I doubt if anyone will actually want a Frank Davis android mobile phone app, but if they do, I’ll have to email it to them.
I’m not sure about all this hi-tech twitter feed stuff. I’ve yet to read anything on Twitter that was in the least bit thought-provoking. I don’t think it’s possible to provoke any thoughts at all using just 140 characters.
In fact, the more I think about it, the more important it seems to me that this ISIS poll is centrally all about meeting real people in the real flesh, and… talking to them.
Yesterday’s encounters were rather memorable. The first bunch of smokers I approached in a pub garden were smoking all right, but they weren’t, erm, smoking tobacco. They were smoking grass. And their first question was, “Are you from the CID?” But once I had failed to arrest them, they relaxed, and cheerily filled out the questionnaire. I vaguely wondered whether, in the ISIS pollster guidelines, pollsters should confirm that the respondents are actually smoking tobacco, and not something else. But since I’ve never ever come across this before, I decided that maybe it was sufficiently unusual to not merit detailed advice. They were smoking! How was I to know what they were smoking?
And then there was the rather pretty 20-something who actually liked the smoking ban because it was so much more sociable outside pubs these days. I could only think that if the government banned smoking within a 100 metre radius of pubs, she’d have been saying how it was so much more sociable in fields and ditches these days. I bet she would have loved to have been on board the Costa Concordia when it rolled over and sank in the Mediterranean a few months back, with all those people holding hands as they slid down the side. How wonderfully sociable that must have been!
And then there was the guy who read the question about distrusting experts, and said, “But I am an expert!!!” I didn’t ask him what he was an expert in, but it had never occurred to me that I might actually end up asking these questions of an expert. The same question is not just about experts, but also the mass media. So next week, I bet I’ll find myself talking to someone who works for the BBC, or the Daily Telegraph.
There was food for thought in all those responses. And yet, while all these people volunteered these responses, they didn’t write them in the box provided. They all said very interesting things, but they didn’t write down what they’d just said. I think that I might write down what they said for them (always making it clear that “they said…” this or that).

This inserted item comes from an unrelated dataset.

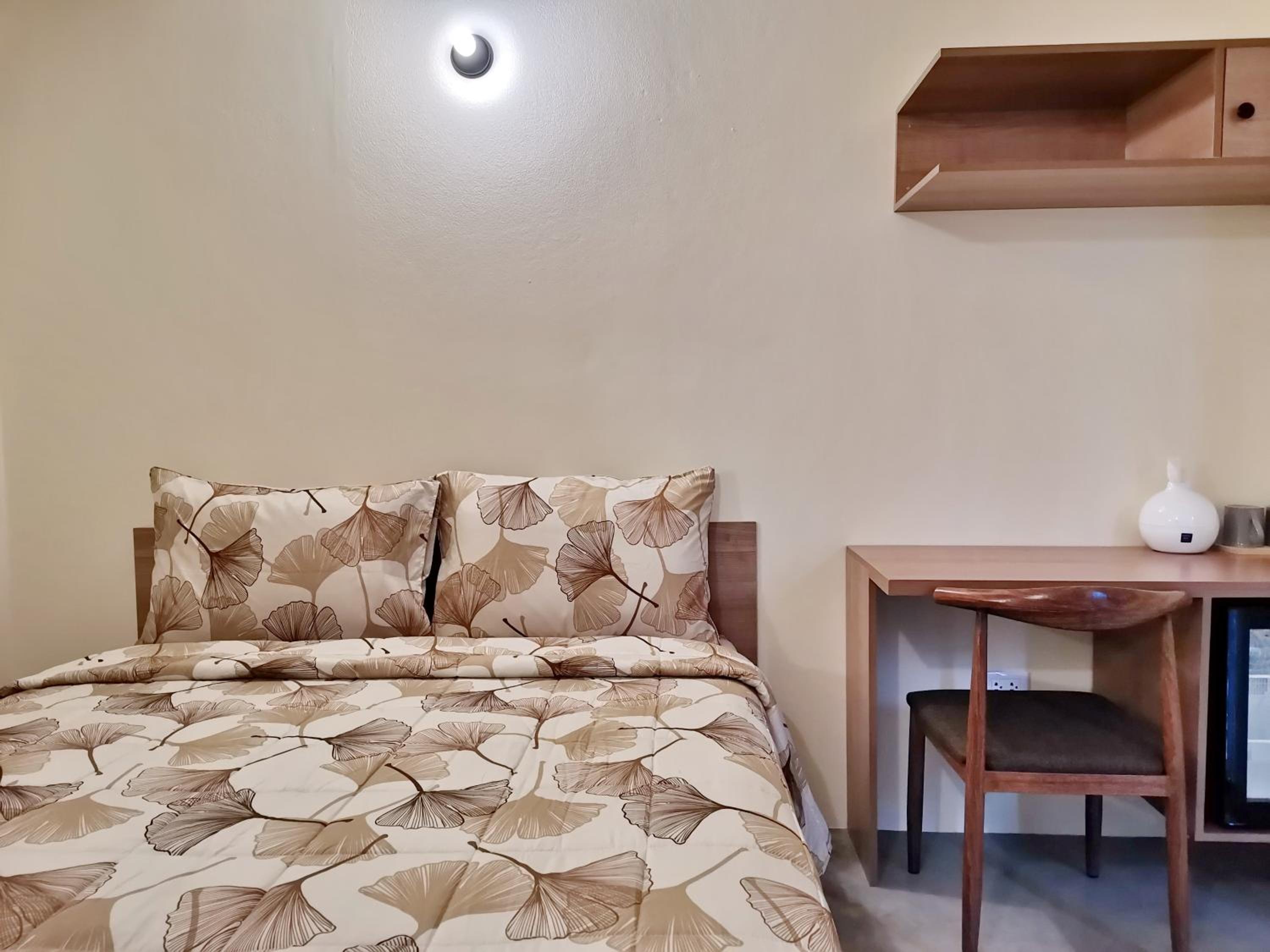 Double Room with Private Bathroom - Photo 16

You’re not going to get this sort of thing on Twitter.
And maybe that’s half the problem with the modern world. David Cameron probably reads all sorts of stuff on twitter, and thinks it’s what the real world is like. But it’s not. The real world is full of surprises. And I had five surprises yesterday from the real world, which I’ve just described. Using something like Twitter you’re using a sort of grunt-medium. Why allow as many as 140 characters? Why not just one or two? “Mm…” “Nn…” ”Yy…” “Ff…” In txt com wrld, there’s actually a lot less information, not a lot more. And a sort of fog of misinformation has descended. Nobody can see anything, not even the manifestly obvious.
Like what awful damage smoking bans do.